Learn About Managed Generators

Beginner

This tutorial is from open-source community. Access the source code

Introduction

In this lab, you will learn about managed generators and understand how to drive them in unusual ways. You'll also build a simple task scheduler and create a network server using generators.

A generator function in Python requires external code to execute. For instance, an iteration generator runs only when iterated over with a for loop, and coroutines need their send() method called. In this lab, we'll explore practical examples of driving generators in advanced applications. The files created during this lab are multitask.py and server.py.
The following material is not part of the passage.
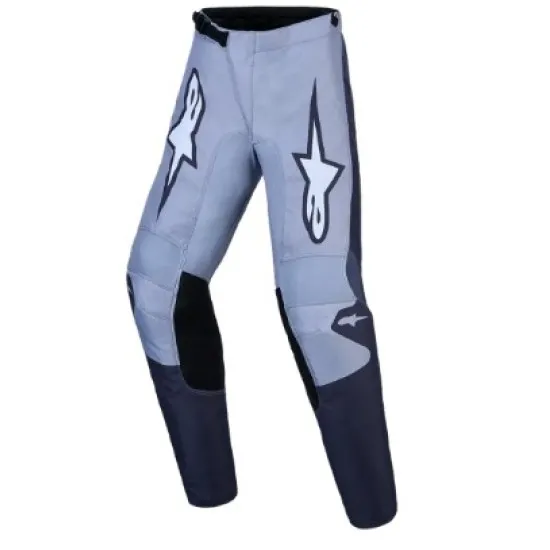 Детски мотокрос брич Alpinestars Fluid в сиво и тъмно синьо с лого на бедрото и тъмни защитни панели на коленете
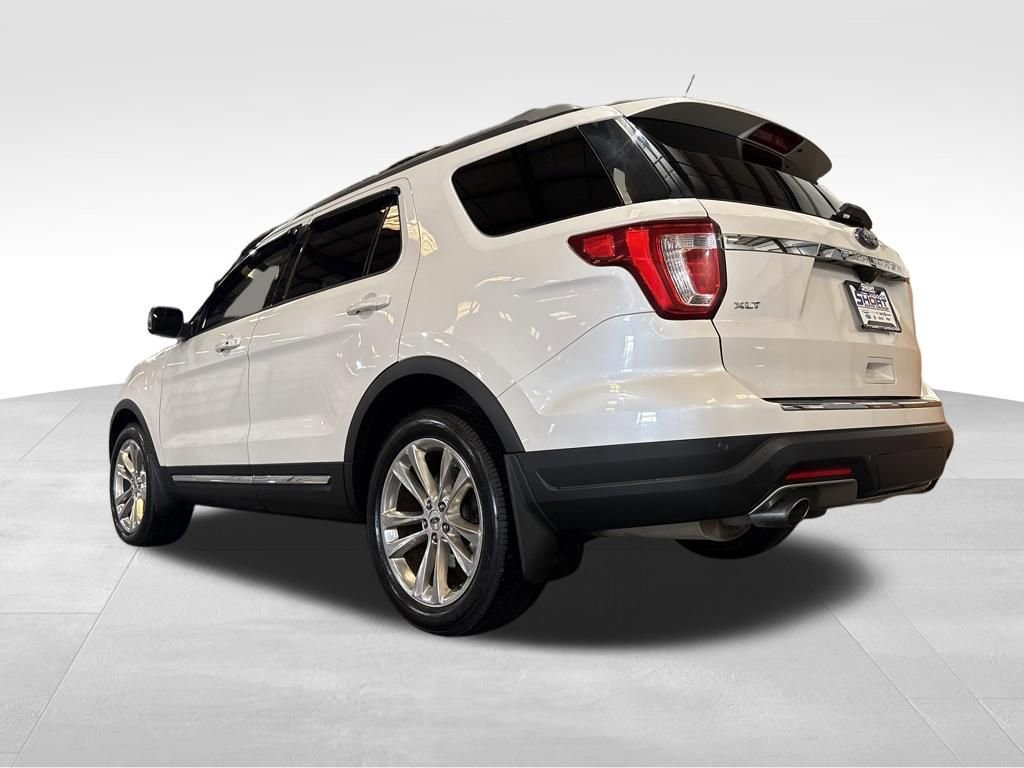 Used 2018 Ford Explorer XLT w/ Equipment Group 202A image 11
This is a Guided Lab, which provides step-by-step instructions to help you learn and practice. Follow the instructions carefully to complete each step and gain hands-on experience. Historical data shows that this is a beginner level lab with a 84% completion rate. It has received a 80% positive review rate from learners.

Understanding Python Generators

Let's start by reviewing what generators are in Python. In Python, generators are a special type of function. They are different from regular functions. When you call a regular function, it runs from start to finish and returns a single value. However, a generator function returns an iterator, which is an object that we can iterate through, meaning we can access its values one by one.

Generators use the yield statement to return values. Instead of returning all values at once like a regular function, a generator returns values one at a time. After yielding a value, the generator suspends its execution. The next time we ask for a value, it resumes execution from where it left off.

Creating a Simple Generator

Now, let's create a simple generator. In the WebIDE, you need to create a new file. This file will contain the code for our generator. Name the file generator_demo.py and place it in the /home/labex/project directory. Here is the content you should put in the file:

## Generator function that counts down from n
def countdown(n):
    print(f"Starting countdown from {n}")
    while n > 0:
        yield n
        n -= 1
    print("Countdown complete!")

## Create a generator object
counter = countdown(5)

## Drive the generator manually
print(next(counter))  ## 5
print(next(counter))  ## 4
print(next(counter))  ## 3

## Iterate through remaining values
for value in counter:
    print(value)  ## 2, 1

In this code, we first define a generator function called countdown. This function takes a number n as an argument and counts down from n to 1. Inside the function, we use a while loop to decrement n and yield each value. When we call countdown(5), it creates a generator object named counter.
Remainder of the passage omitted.